* DATASET RECORDS:
----
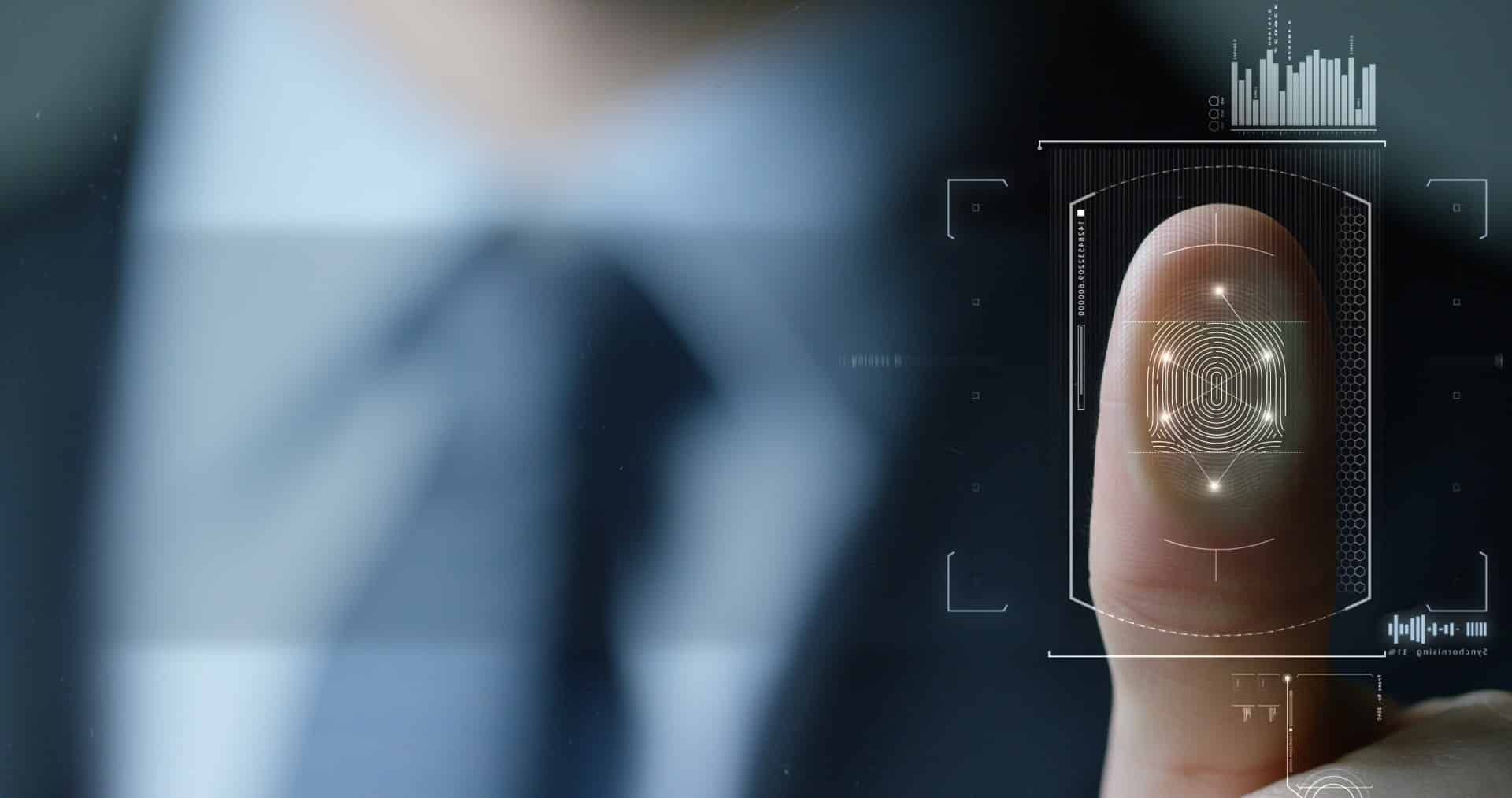 Closeup of man in suit and tie scanning his thumbprint - Ace Hotel Chicago
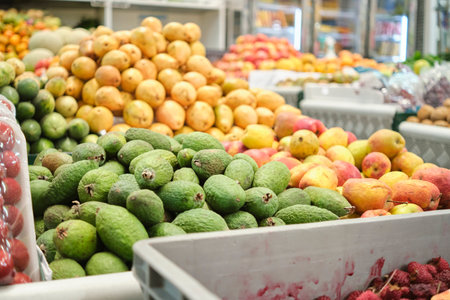 Piles of feijoas, apples and guavas in the fruit section of a market.の写真素材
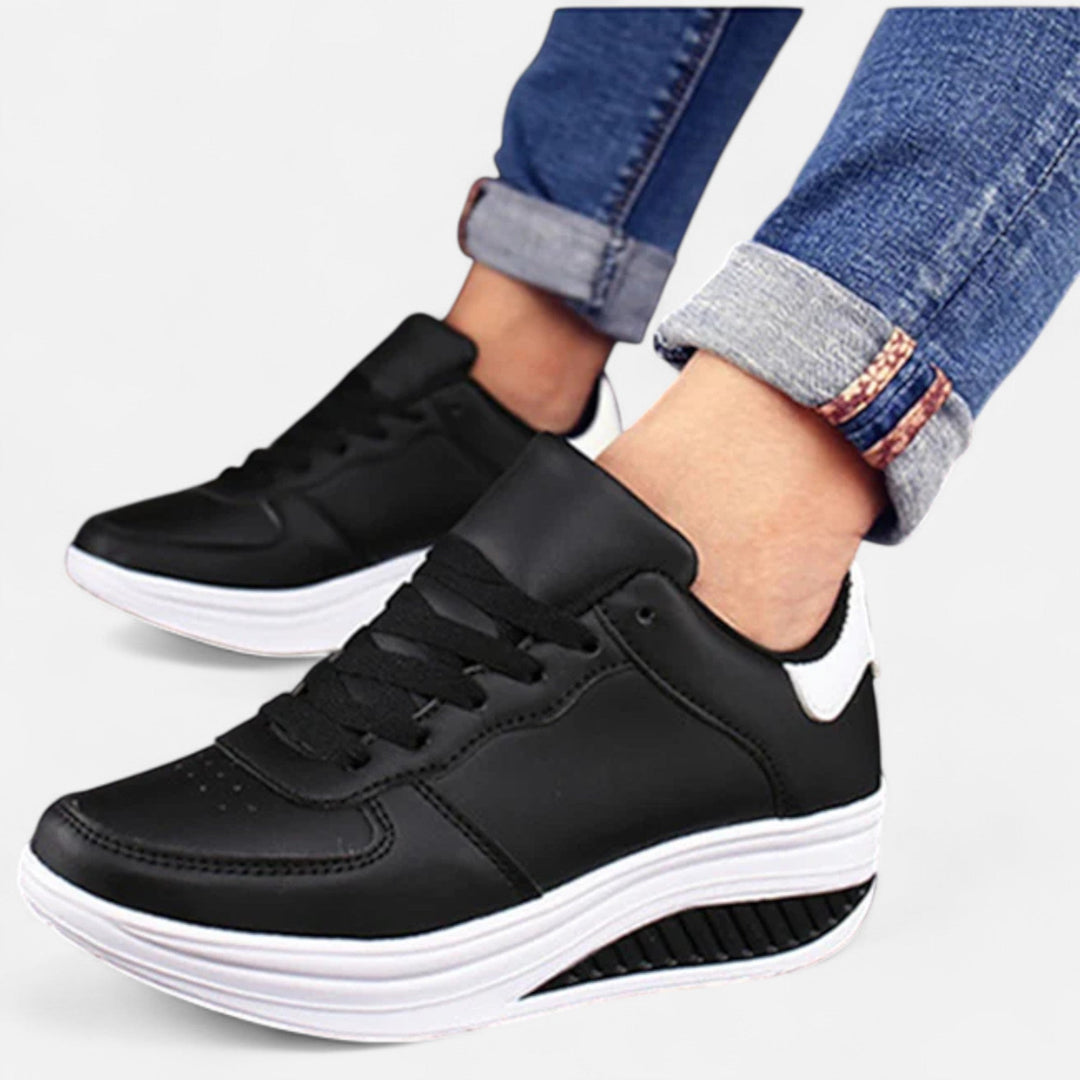 Sneakers con zeppa in pelle da donna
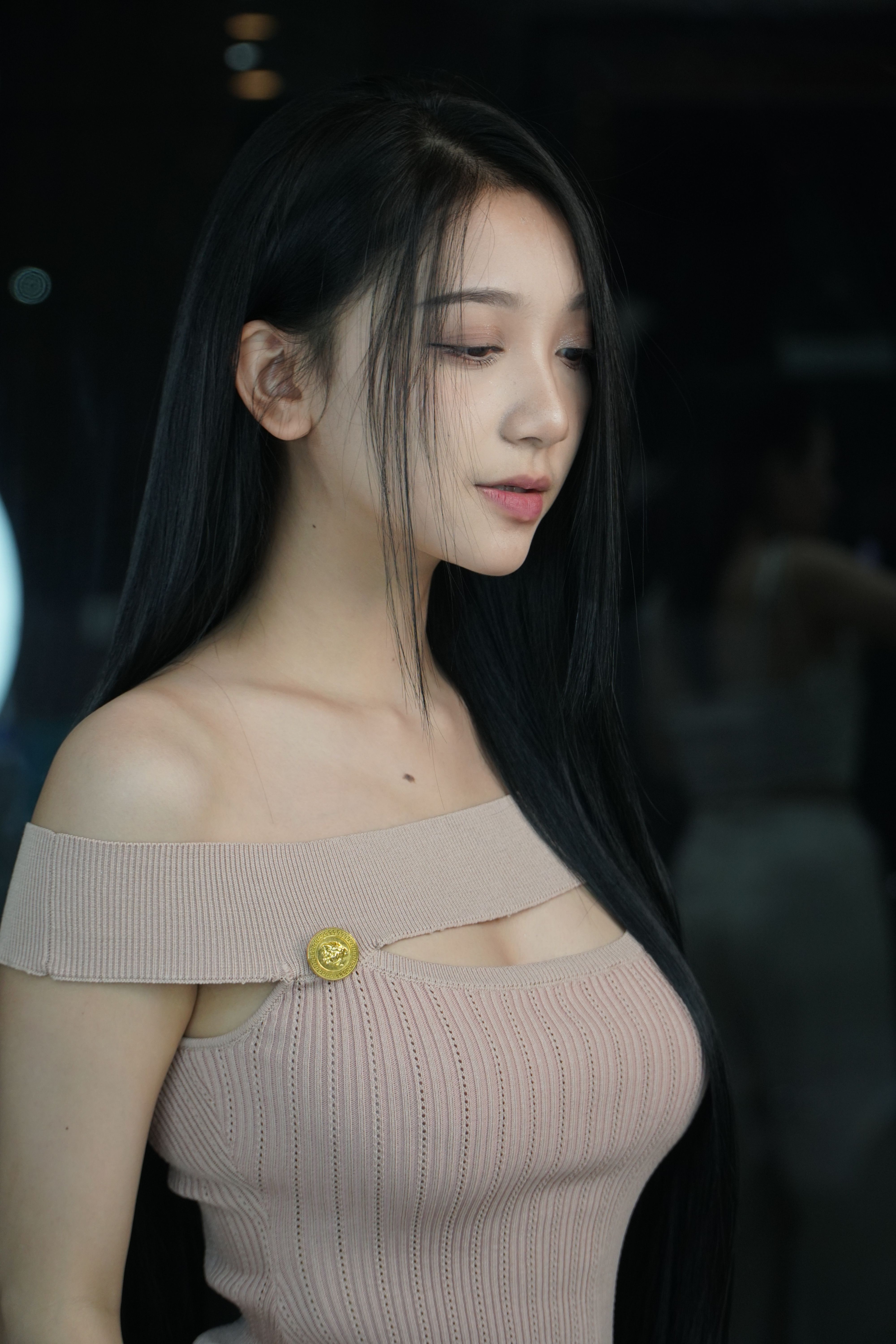 Portrait of a young woman with long black hair in a beige off-shoulder dress, posing gracefully indoors.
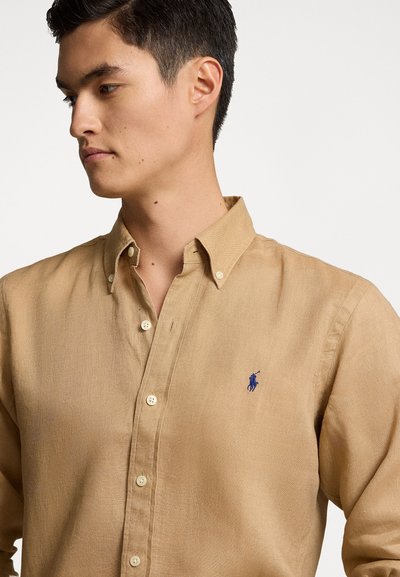 Camicia button-down beige chiaro realizzata in un tessuto testurizzato. Presenta un piccolo logo ricamato blu sul lato sinistro del petto e un classico design del colletto.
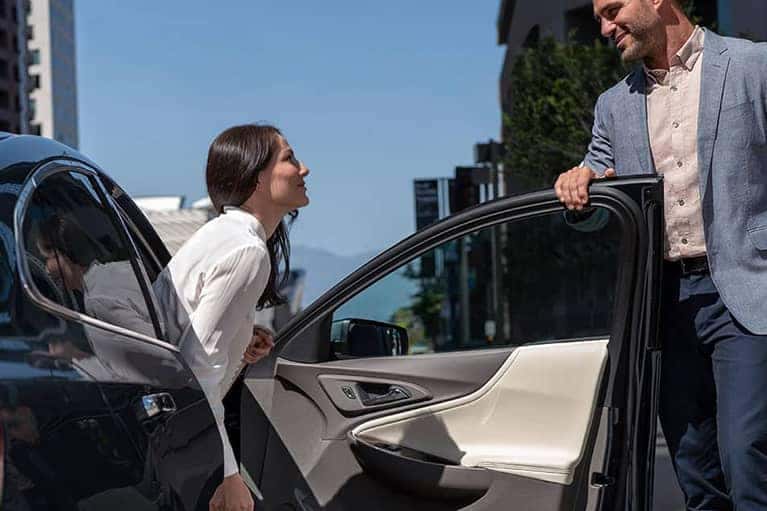 Male in a blazer opens the passenger door for a female to exit.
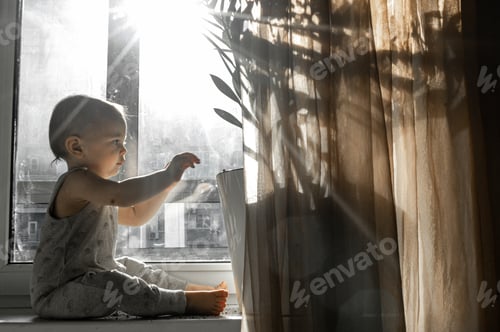 Preview: The baby sits on the windowsill and scatters the ground from flower pots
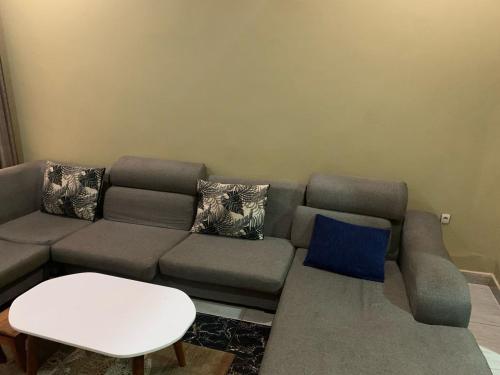 een woonkamer met een bank en een tafel bij Le Manoir in Kigali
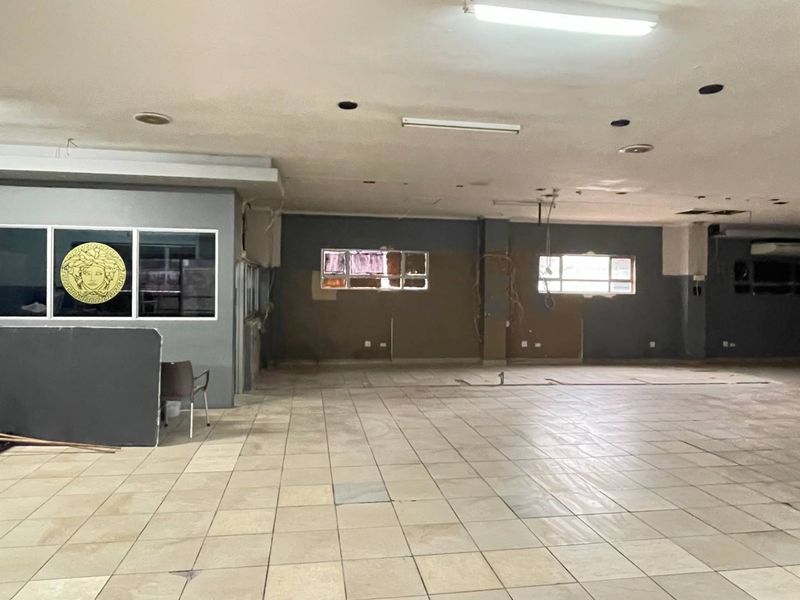 A large, open-plan industrial space featuring ceramic tiled flooring, recessed lighting, and multiple windows, currently in need of refurbishment and cosmetic repairs.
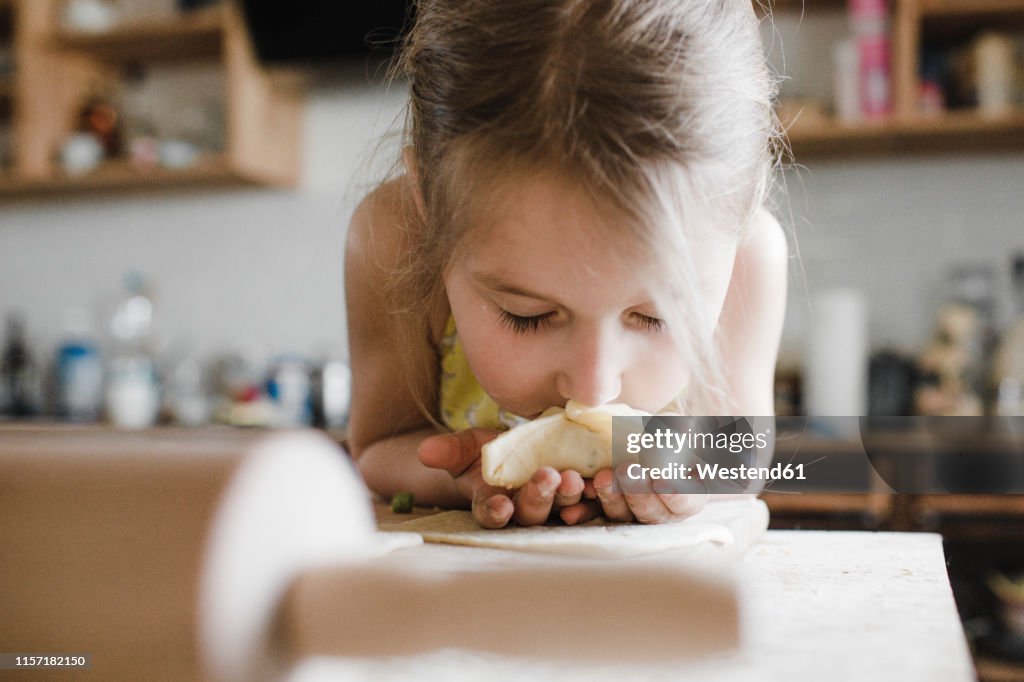 Little girl smelling freshly prepared stuffed pastry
----
* GOAL OF THE EXERCISE: Could you set down the material above word for word while dropping its pictures?

* ANSWER SECTION:
 Closeup of man in suit and tie scanning his thumbprint - Ace Hotel Chicago
 Piles of feijoas, apples and guavas in the fruit section of a market.の写真素材
 Sneakers con zeppa in pelle da donna
 Portrait of a young woman with long black hair in a beige off-shoulder dress, posing gracefully indoors.
 Camicia button-down beige chiaro realizzata in un tessuto testurizzato. Presenta un piccolo logo ricamato blu sul lato sinistro del petto e un classico design del colletto.
 Male in a blazer opens the passenger door for a female to exit.
 Preview: The baby sits on the windowsill and scatters the ground from flower pots
 een woonkamer met een bank en een tafel bij Le Manoir in Kigali
 A large, open-plan industrial space featuring ceramic tiled flooring, recessed lighting, and multiple windows, currently in need of refurbishment and cosmetic repairs.
 Little girl smelling freshly prepared stuffed pastry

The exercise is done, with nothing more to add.